But Medicaid is a joint federal-state program, with Washington putting up the majority of money and leaving administration to states, as long as they keep within certain guidelines. And for most of the program’s history, the majority of states stuck to the minimum requirements, or relatively close, meaning they limited coverage to certain categories of people, including children, young single mothers, and the elderly.
The Affordable Care Act’s designers sought to turn Medicaid into something much more ambitious: a program for all low-income Americans, so that it was open to any citizen with an income below or just above the poverty line, even if they were working-age men or fell into another demographic category the program had excluded previously.
To put it another way, they were out to transform Medicaid from a narrowly targeted welfare program into part of a universal coverage scheme.
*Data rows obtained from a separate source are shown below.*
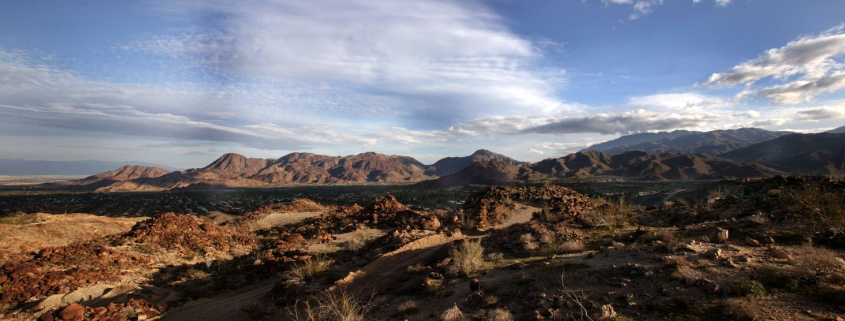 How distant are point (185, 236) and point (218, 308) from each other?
10.5m

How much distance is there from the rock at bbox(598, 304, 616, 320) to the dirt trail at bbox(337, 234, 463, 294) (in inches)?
217

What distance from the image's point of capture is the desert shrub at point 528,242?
11.1m

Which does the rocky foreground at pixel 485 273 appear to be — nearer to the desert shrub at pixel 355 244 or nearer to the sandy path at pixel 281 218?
the desert shrub at pixel 355 244

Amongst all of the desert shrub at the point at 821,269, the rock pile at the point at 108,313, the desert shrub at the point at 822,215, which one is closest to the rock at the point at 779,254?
the desert shrub at the point at 821,269

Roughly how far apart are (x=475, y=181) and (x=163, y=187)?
106 meters

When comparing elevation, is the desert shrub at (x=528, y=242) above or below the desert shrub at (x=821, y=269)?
below

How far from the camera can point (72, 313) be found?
8.25 m

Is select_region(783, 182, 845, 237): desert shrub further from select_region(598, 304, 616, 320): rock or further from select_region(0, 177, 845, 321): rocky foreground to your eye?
select_region(598, 304, 616, 320): rock

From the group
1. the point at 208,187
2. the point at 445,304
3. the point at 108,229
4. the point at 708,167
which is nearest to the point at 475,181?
the point at 708,167

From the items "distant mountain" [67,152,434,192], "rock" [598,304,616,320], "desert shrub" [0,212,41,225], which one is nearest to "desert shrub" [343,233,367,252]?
"rock" [598,304,616,320]

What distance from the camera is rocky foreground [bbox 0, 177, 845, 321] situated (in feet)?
18.2

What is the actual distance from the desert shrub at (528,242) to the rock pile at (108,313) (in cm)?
1087

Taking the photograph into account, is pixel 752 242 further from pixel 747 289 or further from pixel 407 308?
pixel 407 308

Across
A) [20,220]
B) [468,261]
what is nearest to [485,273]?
[468,261] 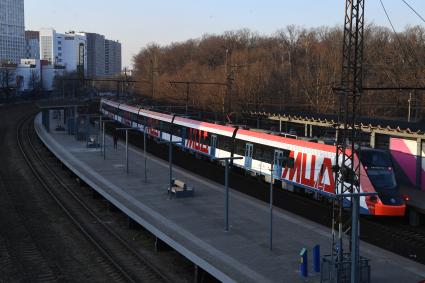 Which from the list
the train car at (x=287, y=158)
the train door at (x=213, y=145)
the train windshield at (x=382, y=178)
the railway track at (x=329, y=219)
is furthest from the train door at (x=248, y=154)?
the train windshield at (x=382, y=178)

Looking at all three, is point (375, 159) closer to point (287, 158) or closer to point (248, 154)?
point (287, 158)

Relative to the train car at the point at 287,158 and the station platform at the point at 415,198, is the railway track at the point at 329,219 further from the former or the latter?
the station platform at the point at 415,198

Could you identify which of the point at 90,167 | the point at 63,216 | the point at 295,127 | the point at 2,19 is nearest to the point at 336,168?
the point at 63,216

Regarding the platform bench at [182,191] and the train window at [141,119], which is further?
the train window at [141,119]

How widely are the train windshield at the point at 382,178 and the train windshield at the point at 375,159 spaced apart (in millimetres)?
230

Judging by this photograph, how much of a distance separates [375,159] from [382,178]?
857 mm

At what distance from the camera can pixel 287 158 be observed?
16.3 m

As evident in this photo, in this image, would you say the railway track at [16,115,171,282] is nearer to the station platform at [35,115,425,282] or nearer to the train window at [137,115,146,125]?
the station platform at [35,115,425,282]

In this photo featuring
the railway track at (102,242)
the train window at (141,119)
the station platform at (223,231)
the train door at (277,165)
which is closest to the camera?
the station platform at (223,231)

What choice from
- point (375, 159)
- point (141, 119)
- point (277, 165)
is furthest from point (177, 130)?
point (375, 159)

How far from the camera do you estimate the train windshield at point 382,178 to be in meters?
20.7

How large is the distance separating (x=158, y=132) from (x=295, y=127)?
491 inches

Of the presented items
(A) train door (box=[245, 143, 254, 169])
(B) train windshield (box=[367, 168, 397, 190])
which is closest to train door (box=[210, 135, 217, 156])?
(A) train door (box=[245, 143, 254, 169])

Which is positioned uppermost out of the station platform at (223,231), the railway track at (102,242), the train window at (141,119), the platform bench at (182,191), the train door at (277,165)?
the train window at (141,119) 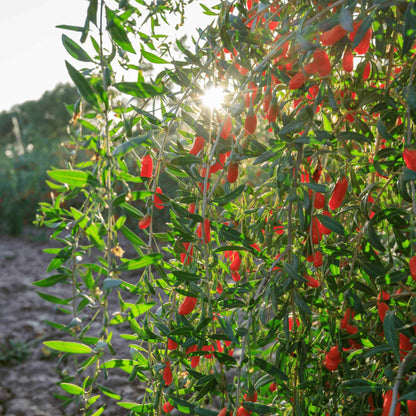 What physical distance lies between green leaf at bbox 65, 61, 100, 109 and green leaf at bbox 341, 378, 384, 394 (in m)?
0.57

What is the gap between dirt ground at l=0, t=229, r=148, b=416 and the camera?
6.71ft

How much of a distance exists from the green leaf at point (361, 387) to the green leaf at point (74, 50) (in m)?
0.64

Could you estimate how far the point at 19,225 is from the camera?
17.5 feet

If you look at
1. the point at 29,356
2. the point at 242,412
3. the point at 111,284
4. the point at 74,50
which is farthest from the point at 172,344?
the point at 29,356

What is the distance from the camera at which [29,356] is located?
2.56 meters

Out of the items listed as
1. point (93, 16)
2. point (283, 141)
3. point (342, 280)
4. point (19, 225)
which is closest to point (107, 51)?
point (93, 16)

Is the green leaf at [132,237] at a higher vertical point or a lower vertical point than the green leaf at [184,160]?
lower


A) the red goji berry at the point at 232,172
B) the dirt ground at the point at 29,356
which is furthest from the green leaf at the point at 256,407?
the dirt ground at the point at 29,356

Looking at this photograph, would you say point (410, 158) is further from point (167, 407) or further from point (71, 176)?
point (167, 407)

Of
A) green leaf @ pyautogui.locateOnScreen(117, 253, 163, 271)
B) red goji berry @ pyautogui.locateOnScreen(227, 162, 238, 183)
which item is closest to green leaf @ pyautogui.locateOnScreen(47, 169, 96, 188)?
green leaf @ pyautogui.locateOnScreen(117, 253, 163, 271)

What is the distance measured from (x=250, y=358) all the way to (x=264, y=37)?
0.51 m

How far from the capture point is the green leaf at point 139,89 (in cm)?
59

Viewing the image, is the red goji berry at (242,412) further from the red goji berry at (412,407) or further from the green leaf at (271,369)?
the red goji berry at (412,407)

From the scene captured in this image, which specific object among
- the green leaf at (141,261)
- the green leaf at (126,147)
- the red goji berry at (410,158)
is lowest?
the green leaf at (141,261) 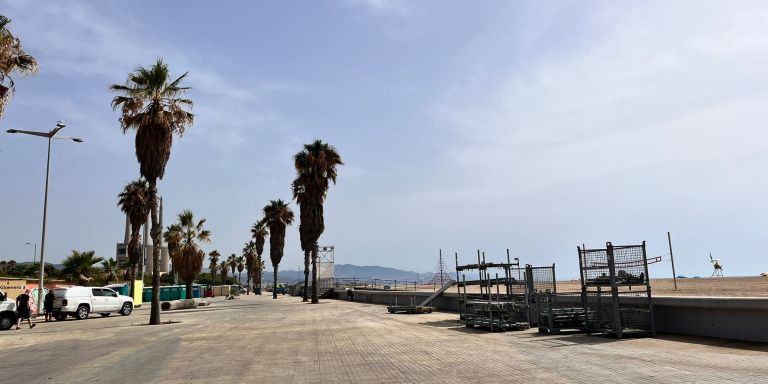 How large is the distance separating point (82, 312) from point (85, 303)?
525 mm

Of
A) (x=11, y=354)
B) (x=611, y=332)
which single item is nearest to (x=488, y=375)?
(x=611, y=332)

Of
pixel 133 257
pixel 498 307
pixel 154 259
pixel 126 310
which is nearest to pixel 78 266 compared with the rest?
pixel 133 257

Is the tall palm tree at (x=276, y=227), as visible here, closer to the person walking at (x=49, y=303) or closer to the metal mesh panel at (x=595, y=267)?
the person walking at (x=49, y=303)

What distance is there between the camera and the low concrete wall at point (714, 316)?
11781 mm

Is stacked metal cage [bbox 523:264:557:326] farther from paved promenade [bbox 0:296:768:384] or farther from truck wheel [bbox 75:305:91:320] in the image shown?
truck wheel [bbox 75:305:91:320]

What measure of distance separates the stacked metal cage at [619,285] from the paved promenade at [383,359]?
668 mm

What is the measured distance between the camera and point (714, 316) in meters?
13.0

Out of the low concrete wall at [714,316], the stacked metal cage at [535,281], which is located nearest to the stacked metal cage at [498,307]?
the stacked metal cage at [535,281]

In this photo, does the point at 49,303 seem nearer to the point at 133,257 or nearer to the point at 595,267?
the point at 133,257

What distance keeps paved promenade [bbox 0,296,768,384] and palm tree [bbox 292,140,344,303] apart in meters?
27.4

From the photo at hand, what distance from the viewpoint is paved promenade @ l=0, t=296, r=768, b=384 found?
923 centimetres

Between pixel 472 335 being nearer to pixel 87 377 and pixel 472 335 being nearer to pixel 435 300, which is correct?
pixel 87 377

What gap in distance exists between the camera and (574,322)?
16.1 m

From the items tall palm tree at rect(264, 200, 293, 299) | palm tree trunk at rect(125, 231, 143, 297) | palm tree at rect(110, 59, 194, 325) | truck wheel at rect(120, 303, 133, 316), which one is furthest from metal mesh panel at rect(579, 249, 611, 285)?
tall palm tree at rect(264, 200, 293, 299) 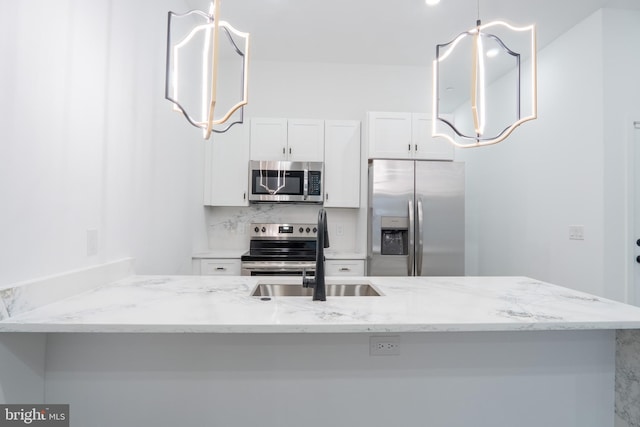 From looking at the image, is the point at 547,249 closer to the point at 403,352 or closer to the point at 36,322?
the point at 403,352

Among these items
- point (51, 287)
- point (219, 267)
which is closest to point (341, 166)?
point (219, 267)

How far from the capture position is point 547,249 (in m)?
3.10

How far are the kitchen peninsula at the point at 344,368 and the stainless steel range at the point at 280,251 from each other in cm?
155

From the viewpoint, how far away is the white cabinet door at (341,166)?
11.0 ft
But the interest in ending expansion funding is still there—in no small part because the money is still there—and in recent years especially Republicans have spun their efforts more as an attempt to preserve Medicaid for what they say are the truly vulnerable groups that need it.
One source for this argument is the Paragon Health Institute, one of several think tanks launched by alumni of the first Trump administration, whose researchers have argued that adding all of these working-age, childless adults to Medicaid has put extra financial strains on the program, while overwhelming the doctors and other providers who see Medicaid patients. As a result, these researchers say, the children, pregnant women, seniors, and people with disabilities who had previously depended on the program now have a harder time getting care.
In addition, Paragon’s researchers argue, the extra funding for Medicaid expansion effectively “discriminates” against the vulnerable, because it means the federal government is subsidizing working-age, childless adults at a higher rate than it is for children, pregnant women, and the elderly.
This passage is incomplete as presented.